Last week, the world shook twice. The first shock hit Haiti, when a 7.2 magnitude earthquake erupted beneath the island’s southern peninsula. Homes, churches, and hotels crumbled in the cities of Les Cayes and Jérémie and in nearby villages. More than 2,189 people have perished; that toll is expected to rise.

The next disaster struck a few hours later and eight thousand miles away. After 20 years of war, the Taliban entered Kabul, as the U.S.-backed government and the Afghans who depended on it for protection fled for their lives. Video captured civilians clinging to the side of a U.S. Air Force transport plane, preferring to risk falling to their death rather than face the horrors that awaited them.
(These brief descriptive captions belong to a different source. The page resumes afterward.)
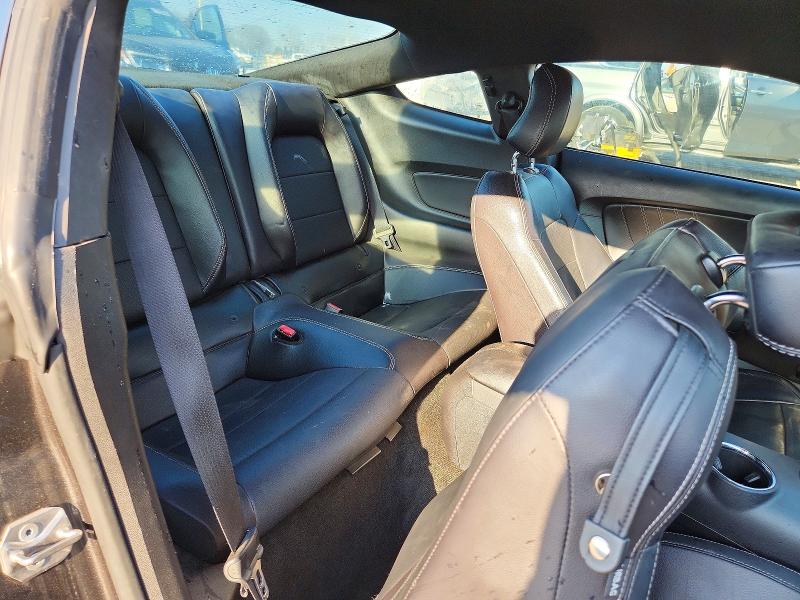 Aukcja sprzedaży 2017 Ford Mustang, vin: 1FA6P8CF8H5263443, numer aukcji: 47326286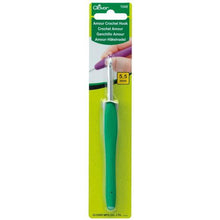 Load image into Gallery viewer, Clover Amour Crochet Hooks 5.5mm I
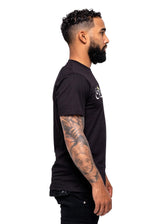 Black Filthy Wealth Shirt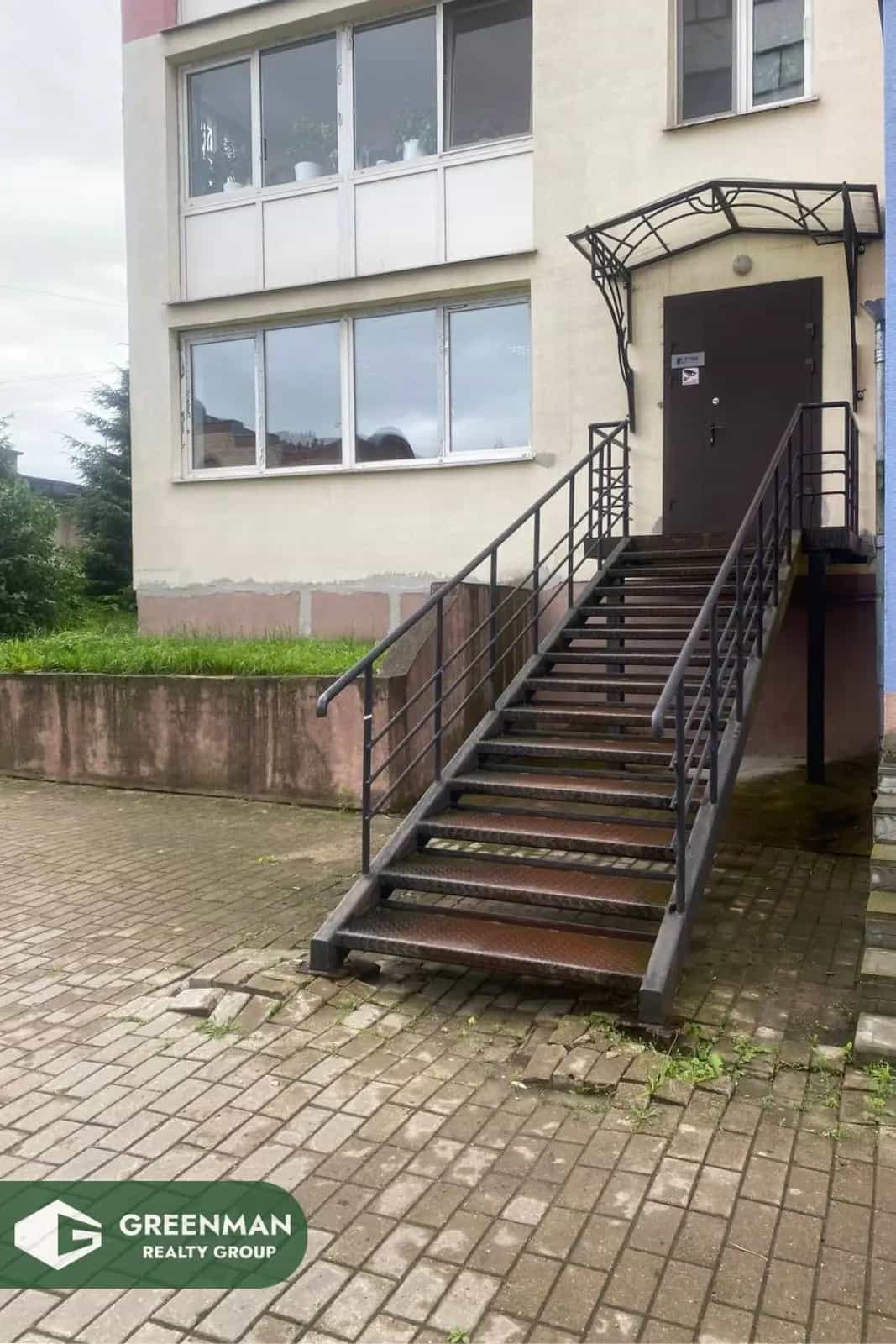 Беларусь, Могилёв, 3-й Октябрьский переулок, 7А, фото 10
At first blush, these situations could not have seemed more different to Americans, watching events unfold on our devices from far away. But there is a deep and indelible connection between the two crises: an American one. Both Haiti and Afghanistan owe their sorry conditions to decades of direct U.S. control. Looking closely at the links between the two is essential for understanding how to respond to each in ways that help, rather than do more harm.

The longest continuous U.S. military occupation, until the record was surpassed in Afghanistan last year, had been in Haiti, which unlike other places the U.S. invaded and held for longer, was never formally colonized. (The start and end dates of the U.S. occupation of Nicaragua were technically further apart—beginning in 1912 and ending in 1933—but the force was reduced to just a hundred Marines in the capital for much of that time.)

Marines invaded the Black Republic in 1915, on the pretext of restoring order after a presidential assassination. The occupation, as the Wilson administration officially called it, would last 19 years. Its real goals were openly talked about in Washington: keeping out European influence, securing the route to the just-opened Panama Canal, and ensuring payments to U.S. creditors—especially the National City Bank of New York (now Citibank). At the same time, the Americans promised humanitarian dividends for the Haitian people: new roads and schools, public health, improved agriculture, and democratic development. Those same promises were dusted off 86 years later when George W. Bush justified the invasion of Afghanistan.